4. Architectural Integration in the Harness

To remain model-agnostic, the agent harness should define modular abstract interfaces for both embeddings and rerankers — the same pluggable-provider idea used across OpenRouter, LangChain, and optional proxies like LiteLLM:

4.1 Embedding Provider Interface

class EmbeddingProvider(ABC):
    @abstractmethod
    async def embed_query(self, query: str) -> List[float]:
        """Generate a single vector for search."""
        pass

    @abstractmethod
    async def embed_documents(self, docs: List[str]) -> List[List[float]]:
        """Generate multiple vectors for indexing."""
        pass
  • Configuration: Supports routing to OpenAI (/v1/embeddings), Voyage, or local llama.cpp endpoints via standard config maps.

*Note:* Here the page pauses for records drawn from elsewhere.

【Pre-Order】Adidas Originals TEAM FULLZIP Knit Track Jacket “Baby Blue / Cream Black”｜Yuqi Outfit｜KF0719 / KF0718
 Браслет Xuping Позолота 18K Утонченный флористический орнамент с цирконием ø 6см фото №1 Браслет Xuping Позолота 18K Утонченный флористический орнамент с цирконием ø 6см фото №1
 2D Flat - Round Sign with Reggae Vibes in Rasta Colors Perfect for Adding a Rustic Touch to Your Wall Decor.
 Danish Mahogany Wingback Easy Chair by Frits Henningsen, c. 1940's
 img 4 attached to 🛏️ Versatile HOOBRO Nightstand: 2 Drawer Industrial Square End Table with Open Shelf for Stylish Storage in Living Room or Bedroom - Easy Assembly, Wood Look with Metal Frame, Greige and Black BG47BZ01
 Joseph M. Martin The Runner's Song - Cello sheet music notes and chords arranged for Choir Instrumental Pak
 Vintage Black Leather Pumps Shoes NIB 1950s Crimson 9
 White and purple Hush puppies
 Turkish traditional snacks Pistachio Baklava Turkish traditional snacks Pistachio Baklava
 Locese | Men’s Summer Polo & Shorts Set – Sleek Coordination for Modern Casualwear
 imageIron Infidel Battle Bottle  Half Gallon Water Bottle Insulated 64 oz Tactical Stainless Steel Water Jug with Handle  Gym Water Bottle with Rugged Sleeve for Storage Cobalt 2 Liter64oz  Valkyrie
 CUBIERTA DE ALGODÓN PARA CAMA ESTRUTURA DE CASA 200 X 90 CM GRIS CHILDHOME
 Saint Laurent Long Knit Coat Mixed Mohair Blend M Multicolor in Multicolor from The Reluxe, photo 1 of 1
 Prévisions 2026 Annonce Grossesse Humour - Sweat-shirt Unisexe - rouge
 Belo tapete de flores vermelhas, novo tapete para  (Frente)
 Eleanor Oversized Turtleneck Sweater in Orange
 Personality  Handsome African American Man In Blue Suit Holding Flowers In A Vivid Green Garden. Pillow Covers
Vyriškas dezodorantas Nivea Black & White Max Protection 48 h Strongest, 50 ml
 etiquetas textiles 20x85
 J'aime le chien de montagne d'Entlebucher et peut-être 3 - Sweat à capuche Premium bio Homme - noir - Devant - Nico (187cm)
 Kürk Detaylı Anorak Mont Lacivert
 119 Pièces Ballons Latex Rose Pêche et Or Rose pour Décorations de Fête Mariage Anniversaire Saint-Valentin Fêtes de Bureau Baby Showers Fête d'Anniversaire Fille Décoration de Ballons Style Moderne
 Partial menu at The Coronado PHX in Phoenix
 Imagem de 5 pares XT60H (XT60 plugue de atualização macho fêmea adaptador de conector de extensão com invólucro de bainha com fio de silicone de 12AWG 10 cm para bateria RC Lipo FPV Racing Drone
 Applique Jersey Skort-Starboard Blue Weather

4.2 Rerank Provider Interface

class RerankProvider(ABC):
    @abstractmethod
    async def rerank(
        self, query: str, documents: List[str], top_n: int = 10
    ) -> List[Dict[str, Any]]:
        """Evaluate and score document candidates against the query."""
        pass
  • Implementation: Maps to Cohere /v1/rerank, Jina, Voyage, or local qwen-reranker execution adapters. Allows the agent to trigger rerank operations natively as a utility function or local tool.